Purchasing air tankers and helicopters is part of the political debate in Australia

The proposal would commit $101 million to boost aerial firefighting capability

tanker 137 Boeing 737 drop first wildfire bushfire
On November 22, 2018 Air Tanker 137 made the first drop by a Boeing 737 on an active fire. It occurred on a bushfire in the Hunter region of New South Wales, Australia. Screenshot from NSW RFS video.

The Labor Party in Australia is pushing for a large increase in the aerial firefighting capability of the country. Opposition Leader Bill Shorten said if the party wins the federal election the government would infuse $101 million into the country’s aerial firefighting capacity.

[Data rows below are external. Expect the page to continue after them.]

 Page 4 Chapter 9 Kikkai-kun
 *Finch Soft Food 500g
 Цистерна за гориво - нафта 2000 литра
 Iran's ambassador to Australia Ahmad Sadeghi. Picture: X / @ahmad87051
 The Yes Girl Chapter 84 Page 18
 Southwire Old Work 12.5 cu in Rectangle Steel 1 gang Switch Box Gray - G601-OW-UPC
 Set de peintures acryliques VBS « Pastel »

Australia does not own any large or very large fixed wing air tankers and had little or no history of using them on bushfires until 2010 when they began a trial with a DC-10. After that first drop on a fire on January 31, 2010 the air tanker program, called “water bombers” down under, grew very slowly until a few years ago when they began contracting for multiple air tankers from North America, including the DC-10, RJ-85, C-130, and most recently, a 737. During the 2018-2019 bushfire season which just concluded, the country had six air tankers on contract — one 737, two C-130s, and three RJ85s. They also brought in helicopters including S-61s and Erickson Aircranes.

In December, 2018 the New South Wales government announced funding of $26.3 million to purchase one large fixed wing air tanker and two fixed-wing lead/supervision aircraft. Richard Alder, General Manager of Australia’s National Aerial Firefighting Centre (NAFC), told us the intent of the NSW government was to maintain a resident near-year-round large airtanker capability.  This would continue to be supplemented by contracted seasonal large airtankers.

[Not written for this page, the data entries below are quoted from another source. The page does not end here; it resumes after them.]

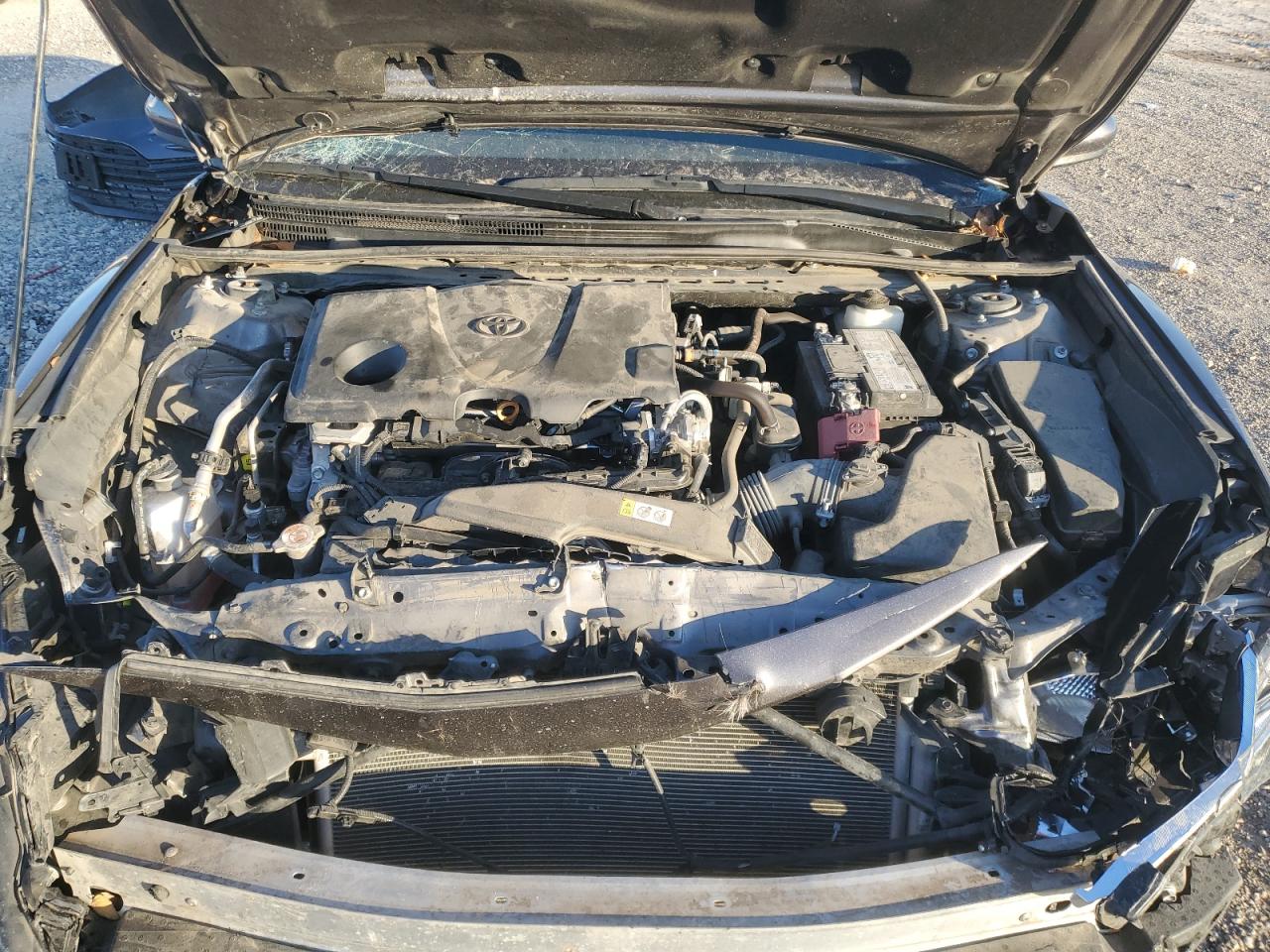 2022 TOYOTA CAMRY LE VIN:4T1C11AK4NU694154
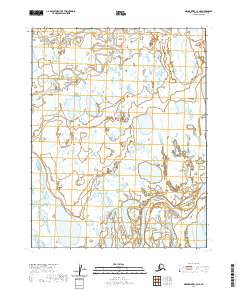 Meade River C-3 NE, AK — USGS 7.5-minute topo (2020)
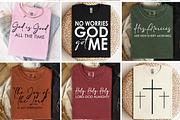 Faith Based Quotes Designs Bundle, a Graphic by jwillcreative (Thumbnail 2 of 2)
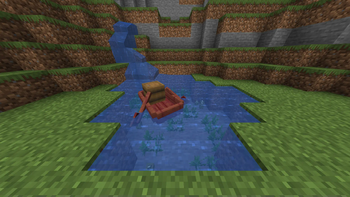 Mangrove Boat With Chest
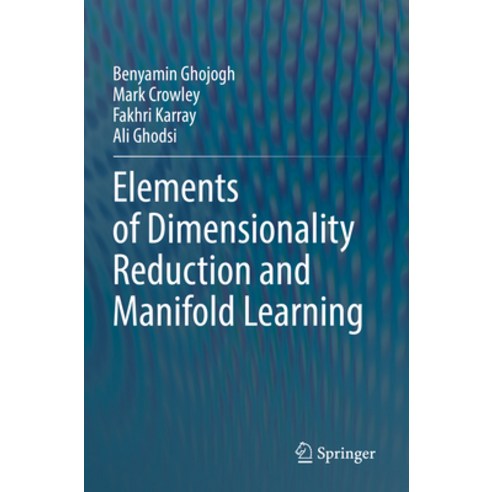 (영문도서) Elements of Dimensionality Reduction and Manifold Learning Paperback, Springer, English, 9783031106040
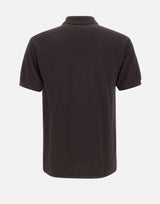 Polo in cotone piquet 1212 3LA LACOSTE 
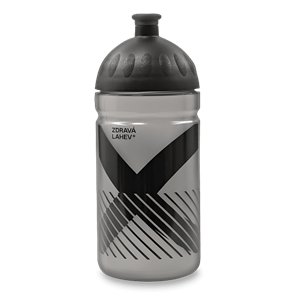 Zdrav&#225; lahev 0,5 l - SPORT XO - čern&#225;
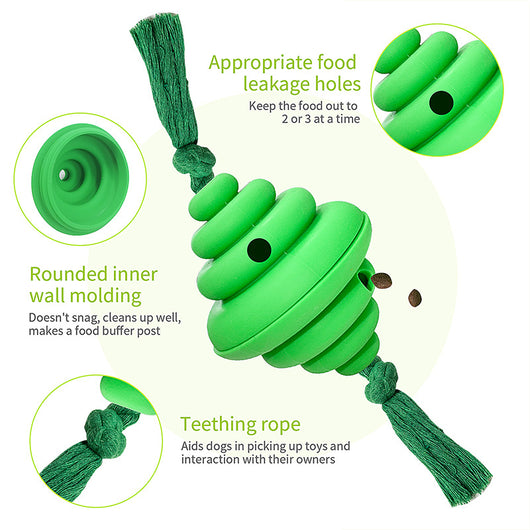 Juguete para Perros con Cuerda y Dispensador de Comida - Image 13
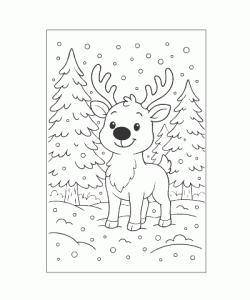 Ausmalbild-Weihnachten-056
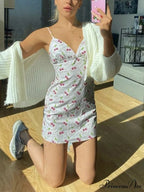 Checkered Swing Graceful Mini Dress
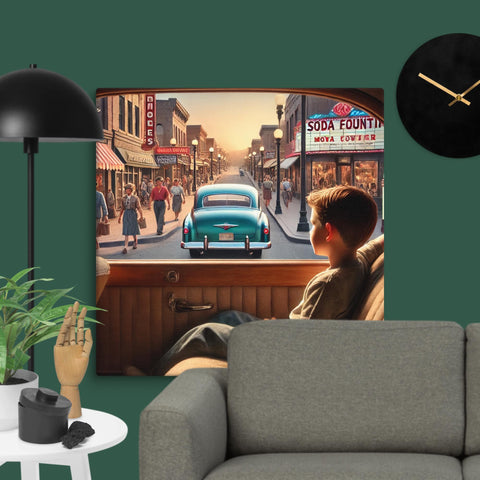 Canvas - From Sea To Shining Art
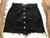 Saia Jeans sem lycra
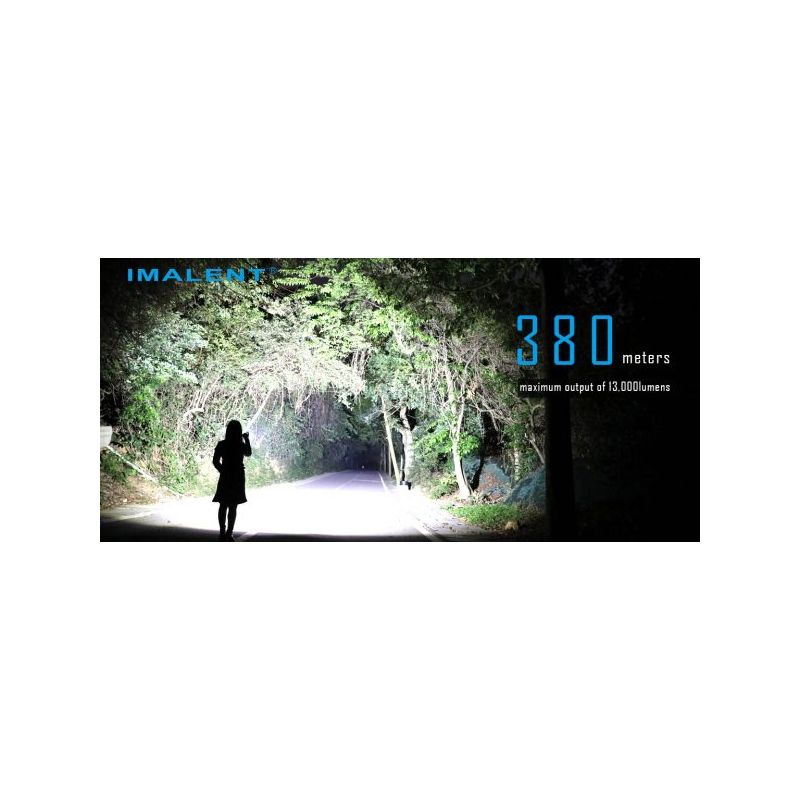 Linterna EDC Imalent MS03 XHP70 13000 lúmenes ultra brillante batería 21700 diseño compacto y duradero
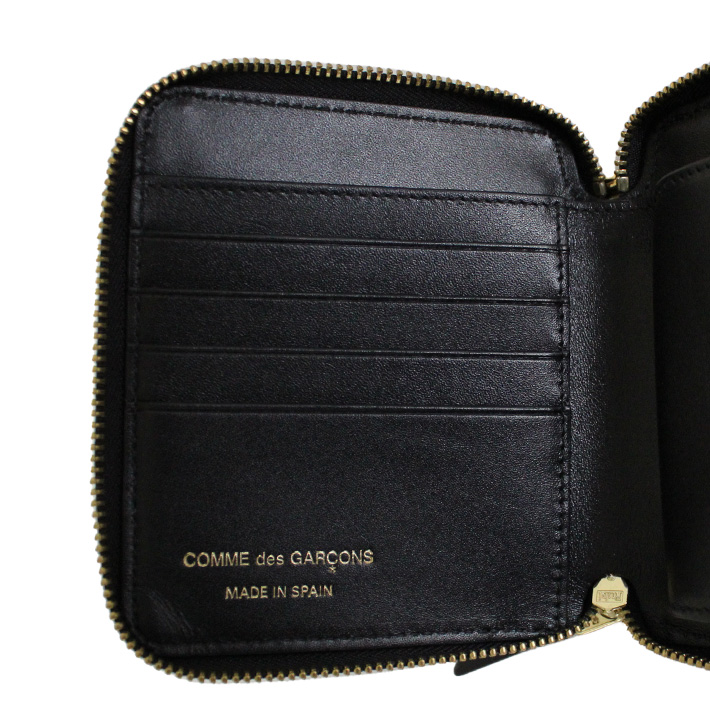 並行輸入品 Wallet Comme des Garcons ウォレット コム デ ギャルソン SA2100OP OUTSIDE POCKT 折りたたみ財布 二つ折り財布 コンパクト ラウンドファスナー | COMME des GARCONS COMME des GARCONS | 08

But the proposed new funding initiative recently disclosed by the Labor Party would allow the federal government to purchase up to six large or very large air tankers and up to twelve helicopters, such as retrofitted Blackhawks from the military or Erickson Aircranes.

The proposal also calls for creating the country’s first “Smokejumper” units. However, they describe “Smokejumper” as a firefighter who rappels from a helicopter. In Canada and the United States a smokejumper jumps out of a fixed wing aircraft with a parachute and then fights the fire from the ground. Rappellers in the U.S. are delivered to a fire via a rope below a helicopter.

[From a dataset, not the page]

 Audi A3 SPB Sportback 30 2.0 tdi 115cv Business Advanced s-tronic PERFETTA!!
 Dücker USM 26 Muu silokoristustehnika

Of the total of $101 million the party wants to use to boost aerial firefighting capability, $80 million would go toward acquiring air tankers and helicopters, with $21 million being committed to the National Aerial Firefighter Centre to restore recently reduced funding.

6 thoughts on “Purchasing air tankers and helicopters is part of the political debate in Australia”

  1. Well this is a very interesting proposal, the growing problem of wildfires is the season is gonna get longer and longer and one of the problems our officials are facing the tankers may not be available when needed so it makes sense for Australia to have its own tankers. The question is which tankers/helicopters.

    Aircraft, the Boeing 737 is an obvious choice, because it can respond from one end of the country to another in a few hours. And there is plenty available in the boneyard Coulson aviation would also be the best choice to outfit the tanker.

    Now helicopters, a bit more difficult there is several choices.The problem with the helicopter tanker is its much slower responding to fires and other parts of the country the best option locate them at fire prone areas.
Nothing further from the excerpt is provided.